35 ans après la chute du mur : La liberté, un mythe pour les anciens pays du bloc soviétique ?
L'effondrement du bloc de l'Est et la chute du mur de Berlin en 1989 ont été acclamés comme une victoire de la liberté et de la démocratie sur l'autoritarisme. Pourtant, trente-cinq ans après, il devient de plus en plus évident que cette " liberté " n'a pas tenu ses promesses de bonheur et de prospérité pour des millions de personnes dans l' Europe de l'Est. Kristen Ghodsee, dans son article percutant pour Le Monde diplomatique, intitulé " Le saccage des sociétés de l'ancien bloc de l'Est ", analyse cette transition traumatique qui, au lieu de libérer, a plongé des sociétés entières dans une pauvreté et une instabilité dévastatrices.
Liberté ou manipulation ?
Ghodsee utilise le terme " gaslighting " pour décrire ce qui s'est réellement passé. " To gaslight " désigne une manipulation psychologique qui pousse une personne à remettre en question sa propre réalité. Dans ce contexte, les gouvernements occidentaux et leurs alliés ont appliqué cette manipulation à des populations entières, les convainquant que leurs sacrifices étaient nécessaires pour atteindre la liberté et la prospérité promises. Mais ces promesses n'ont pas été tenues. Au lieu de cela, les pays du bloc de l'Est ont été projetés dans un tourbillon économique, où des générations entières ont perdu leurs repères, leur sécurité et même, dans certains cas, leur santé.
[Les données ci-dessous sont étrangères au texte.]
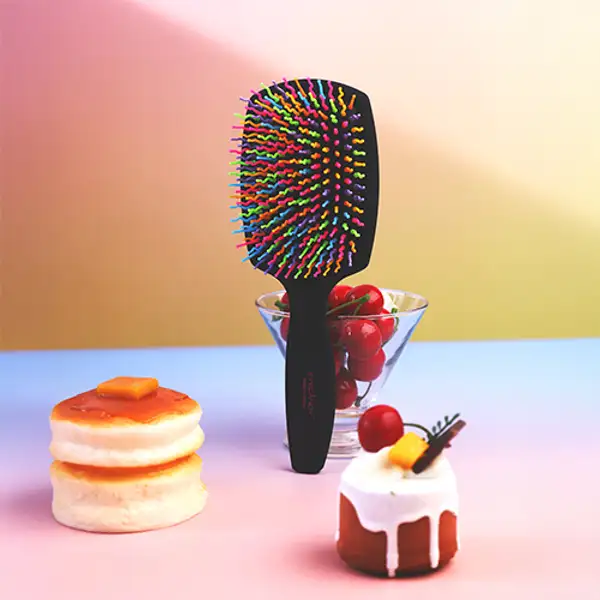 Rainbow Volume S Paddle Brush_Black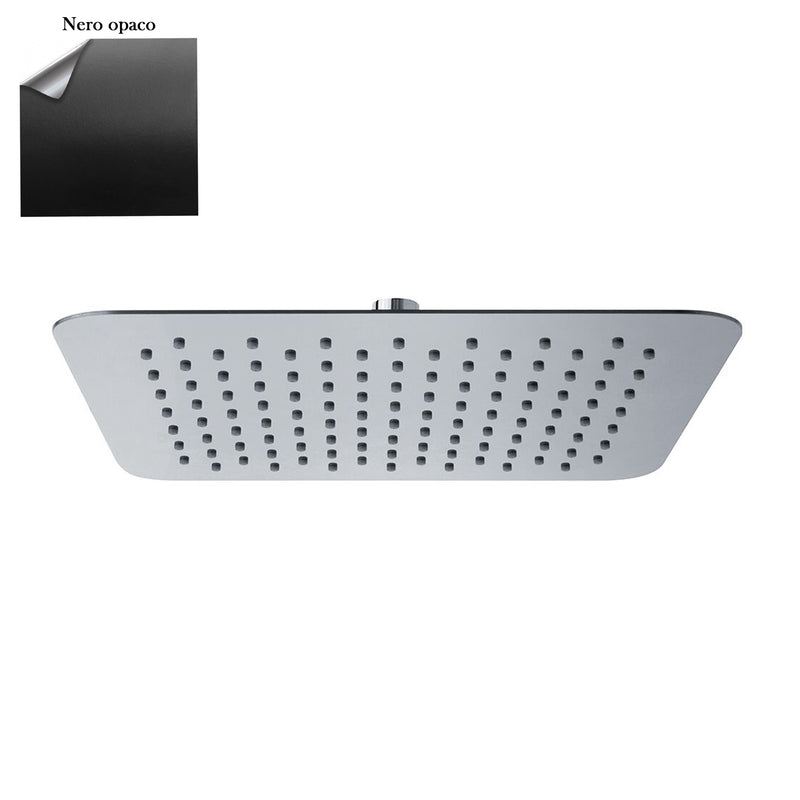 Soffione Lisbona 400mm anticalcare ultrasottile nero by CeramicStore | Lo specialista del tuo bagno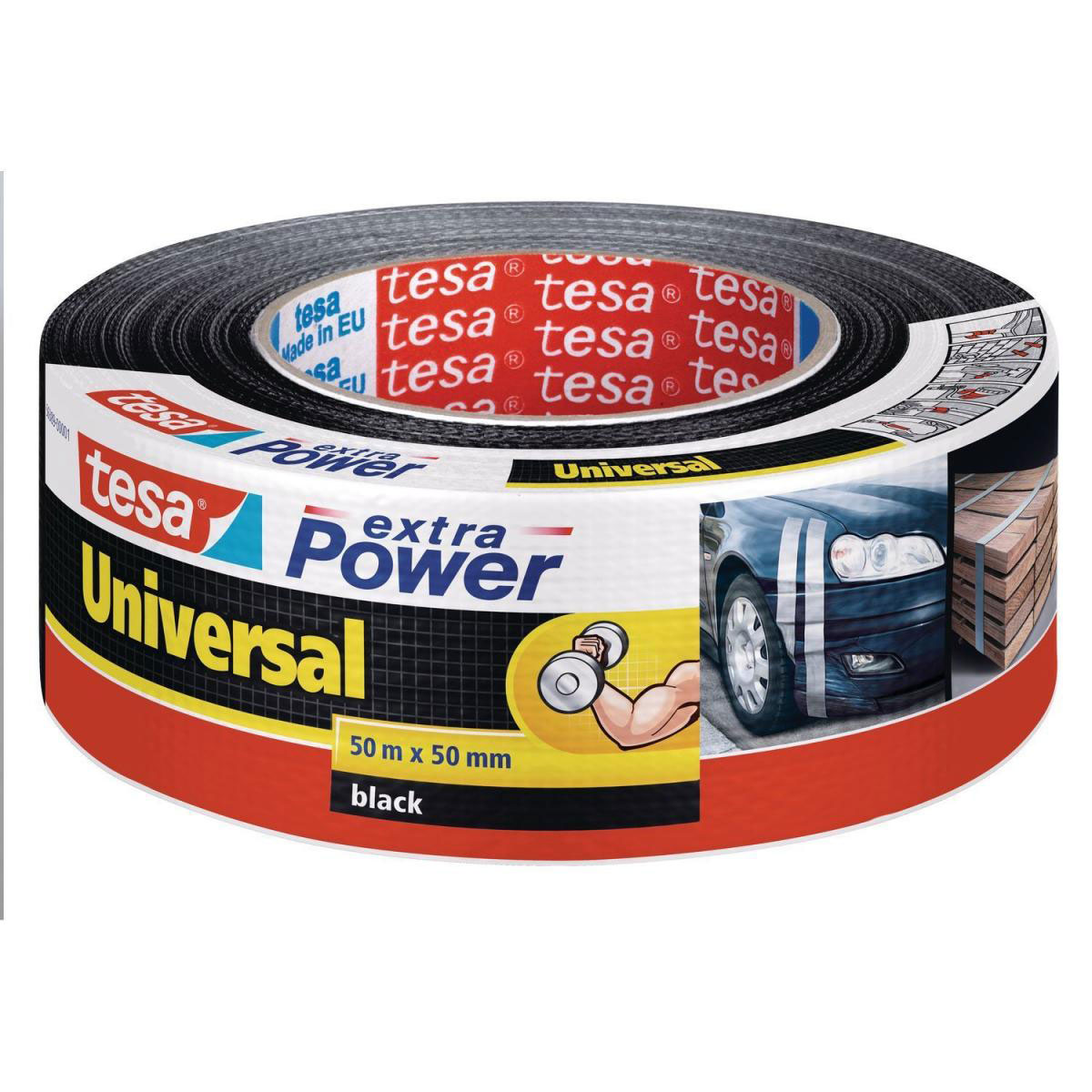 Tesa Extra Power Tape universal schwarz 50mx50 mm
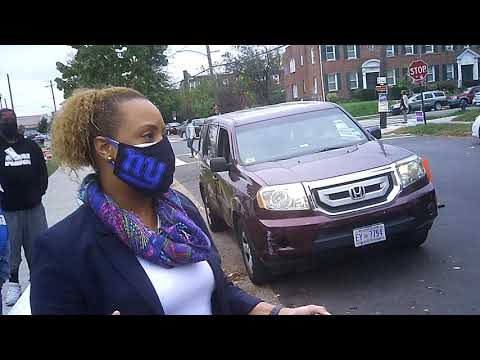 DC MPD prevents suppression Marya Pickering canvassing by Ward 5 Democrats, Ed Lazere #Ward5 #DCBOE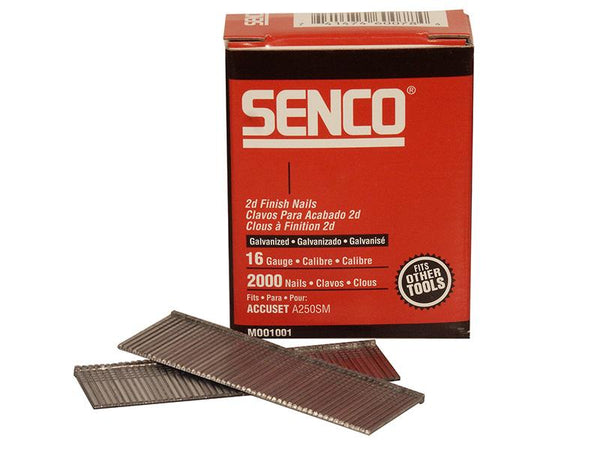 SENCO Straight Brad Nails Galvanised 16G X 32Mm Pack Of 2000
Un coût humain dévastateur
En pratique, la transition vers le capitalisme n'a pas été la success-story annoncée. Comme le souligne Ghodsee, les chiffres parlent d'eux-mêmes : une explosion du chômage, des inégalités sans précédent, une chute drastique de la natalité et une surmortalité alarmante. Selon une étude de Ghodsee et de Mitchell Orenstein, 47 % de la population dans les pays postcommunistes est tombée sous le seuil de pauvreté, une situation jamais vue en temps de paix depuis la Grande Dépression des années 1930.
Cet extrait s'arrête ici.